Александр Петриков специально для «Кашина»
В январе Владимир Путин затеял, как тогда казалось, конституционный переворот. Сейчас даже слово «обнуление» звучит как привет из позапрошлых времен, и весь пафос, с ним связанный, кажется теперь надуманным – ну в самом деле, вот уж интрига, намерен Путин оставаться после 2024 года или нет.
Сейчас – уже сейчас, на третий день московского карантина, – стоит спрашивать, продержится ли Путин до лета. Неизвестность, не сравнимая вообще ни с чем из пережитого Россией за тридцать постсоветских лет. Старшее поколение помнит, например, как вице-президент СССР в компании с премьер-министром и всеми силовиками попытался без участия президента ввести в стране чрезвычайное положение – советский народ и весь мир сочли это государственным переворотом, закончилось все тюрьмой для путчистов и крушением для государства. Сейчас полномочия президента по введению ЧС в стране или отдельных ее местностях тихо передаются на тот же, что и в 1991 году, уровень, и никто не собирается вокруг Белого дома, никто не забирается на танк. Владимир Путин сам делится властью, в общем, непонятно с кем; имя Мишустина мы, положим, выучили, но даже Мишустин – та ли фигура, которая имеет политическое и моральное право переводить страну на чрезвычайные рельсы при живом Путине?

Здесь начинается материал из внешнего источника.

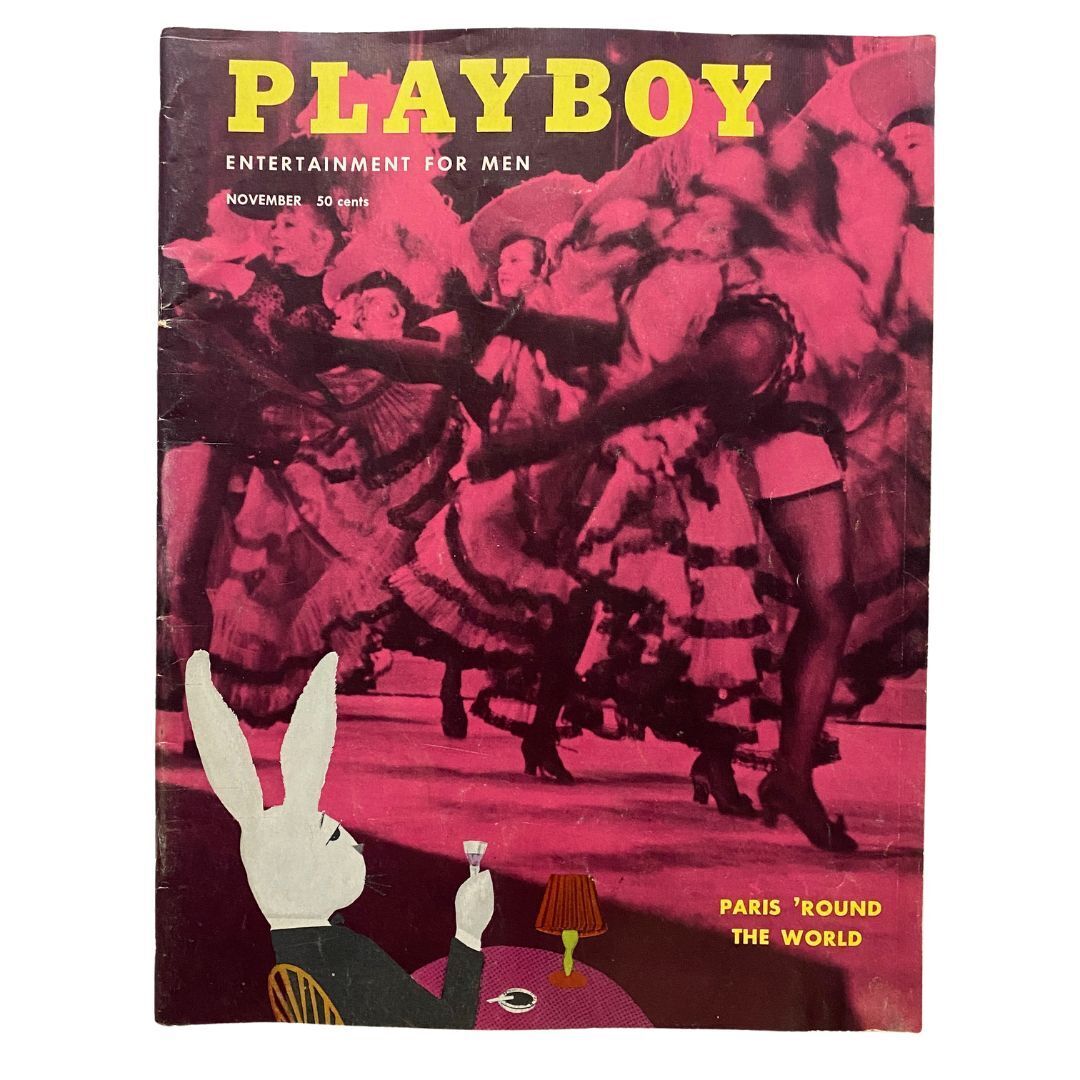 Playboy Magazine November 1954 Diane Hunter w Centerfold No Label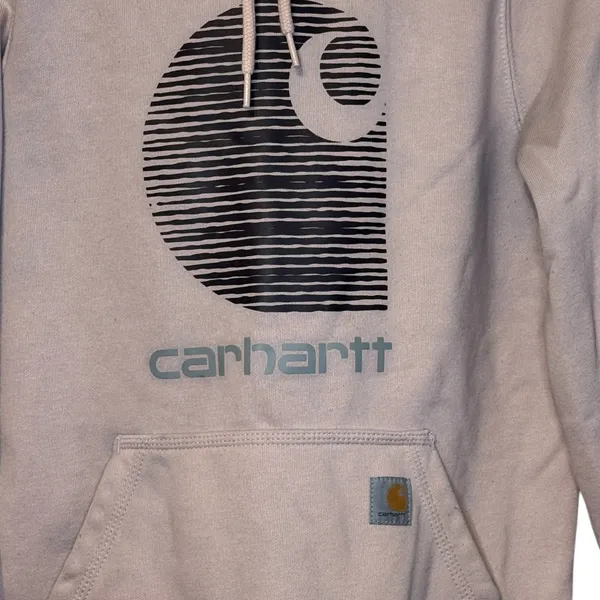 Carhartt Womens Sweater Hooded Rain Defender Relaxed Fit Long Sleeve Pullover XS - Image 2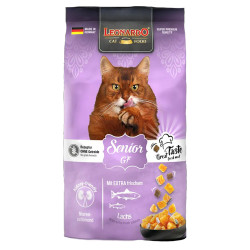 Leonardo Senior GF Łosoś 300g - sucha karma dla starszych kotów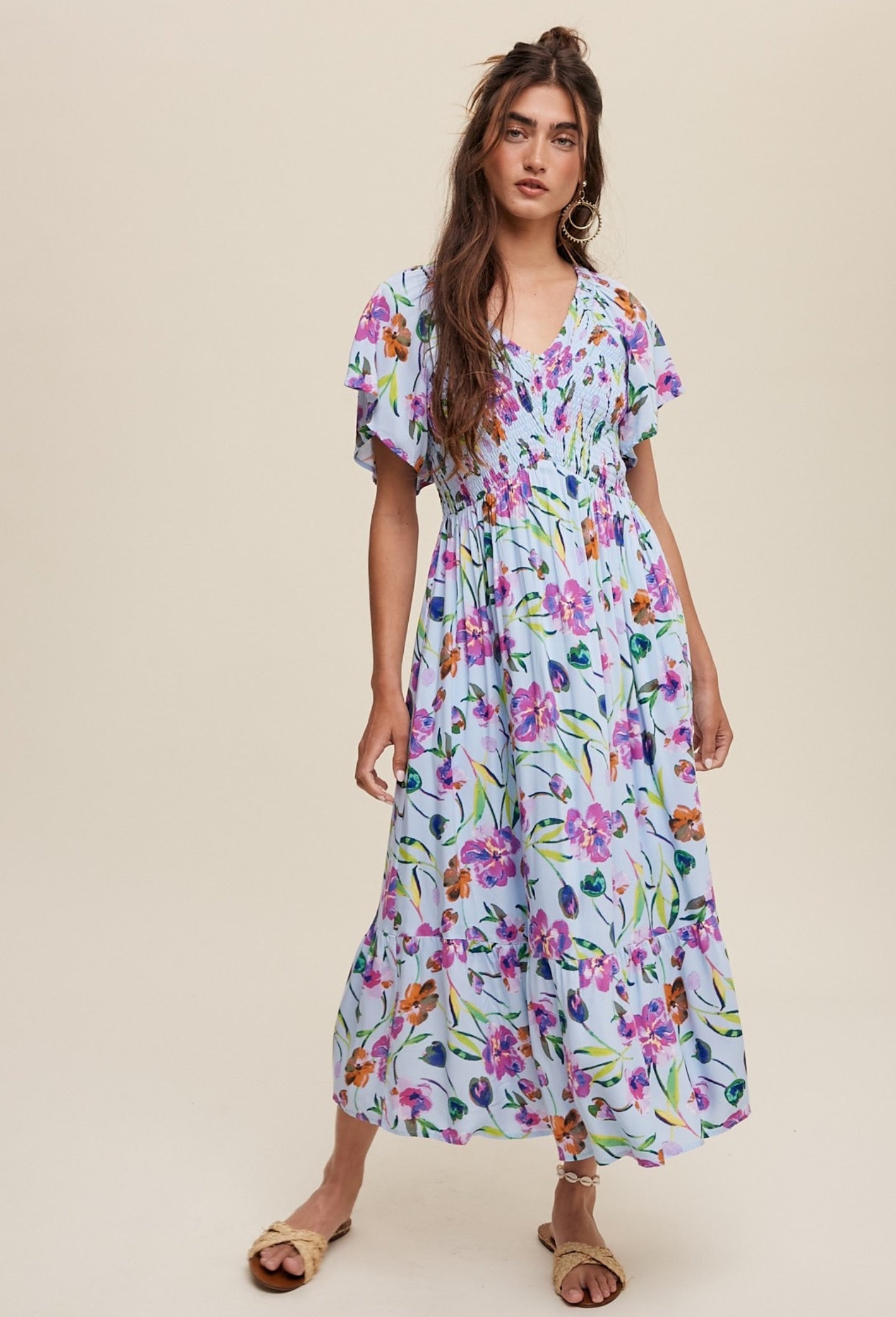 The Iris Blue Dress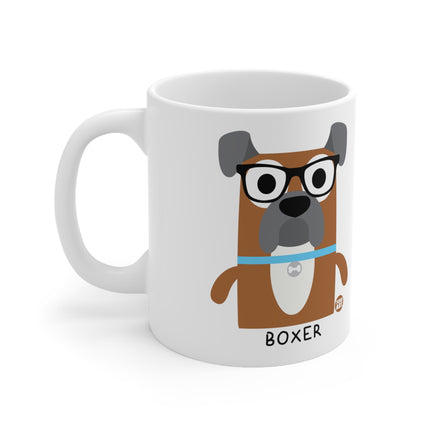 Bow Wow Meow Boxer Ceramic Mug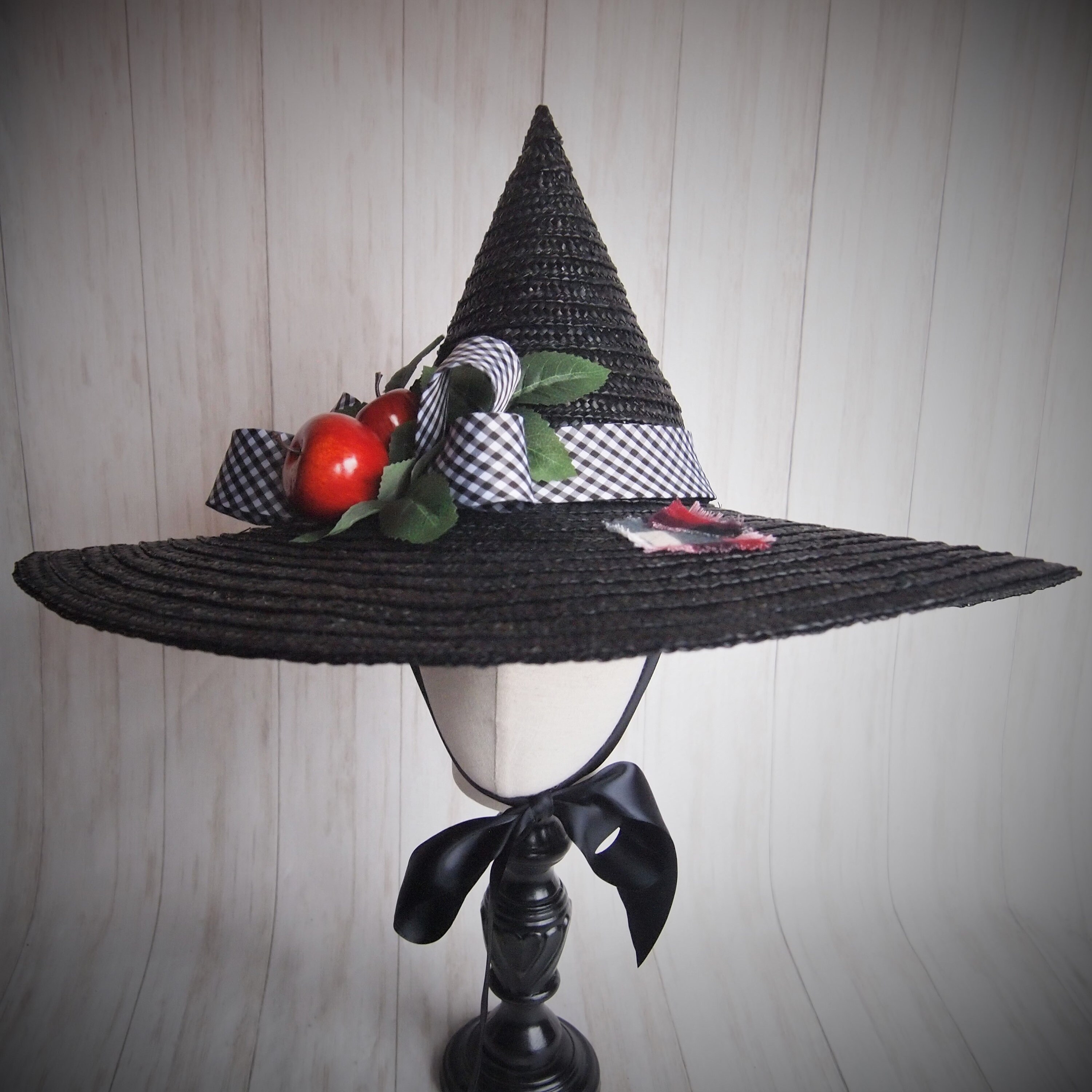 LIMITED EDITION Black Straw Witch Hat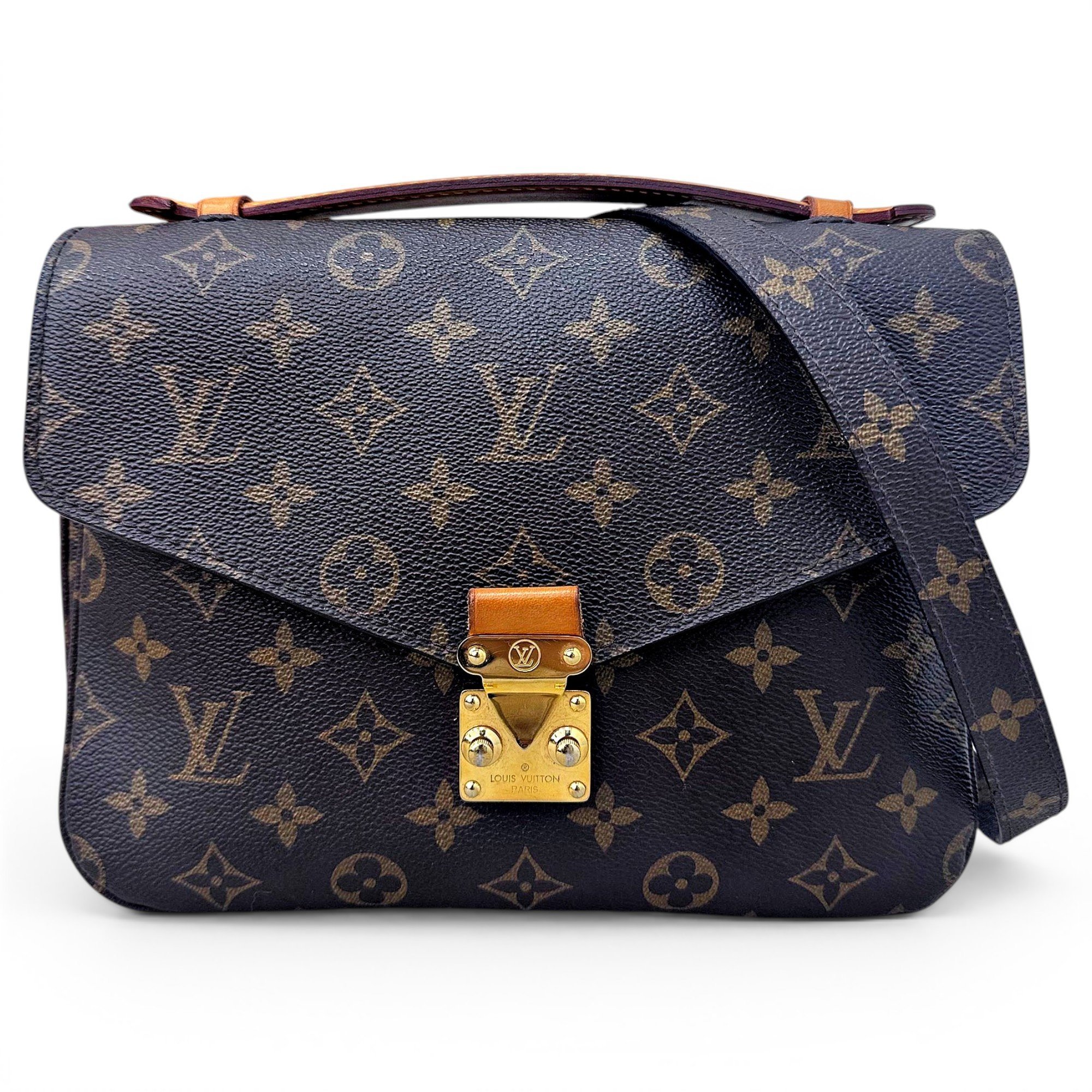 Metis leather crossbody bag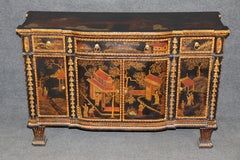 Maitland Smith Chinoiserie-Stil Ebonisiert und vergoldet Farbe dekoriert Sideboard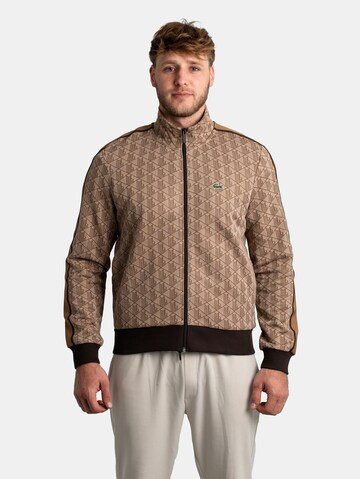 LACOSTE Sweat jacket 'Paris' in Beige: front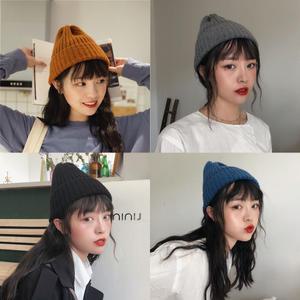 1플러스1 패션 여성 겨울 비니 털모자 방한
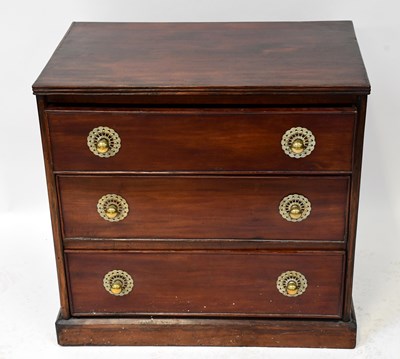 Lot 24 - An early 20th century mahogany three-drawer...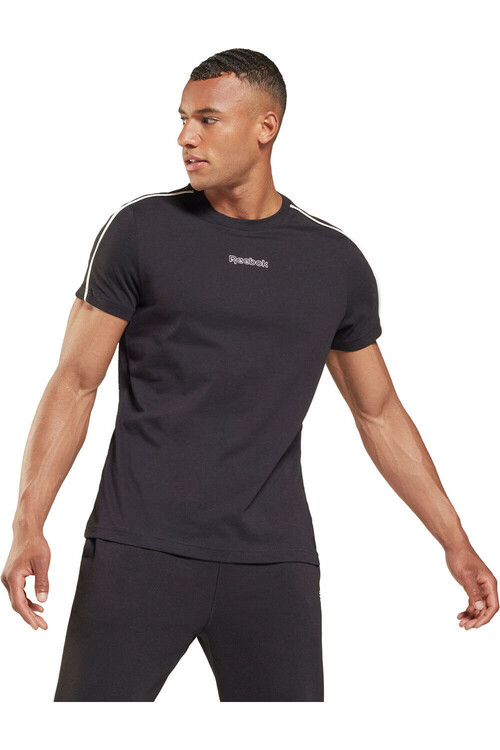 REEBOK TE PIPING TEE negro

Всем понятен особый статус Москвы (кому непонятен – для тех придумали Петербург, где бессмысленнейший Беглов явочным порядком отменяет церковные службы, армейский призыв и объявляет и без того, в общем, несчастное Мурино изолированным гетто), и превращение Сергея Собянина в верховного борца с коронавирусом – как бы неизбежность, но при этом еще и нарушение всех возможных аппаратных балансов. Человек, десять лет уныло перекладывавший плитку, сделался вдруг вторым лицом в государстве при самоустранившемся первом. Нет ли у него в аппарате человека по фамилии Хрусталев? Подал ли этот человек машину?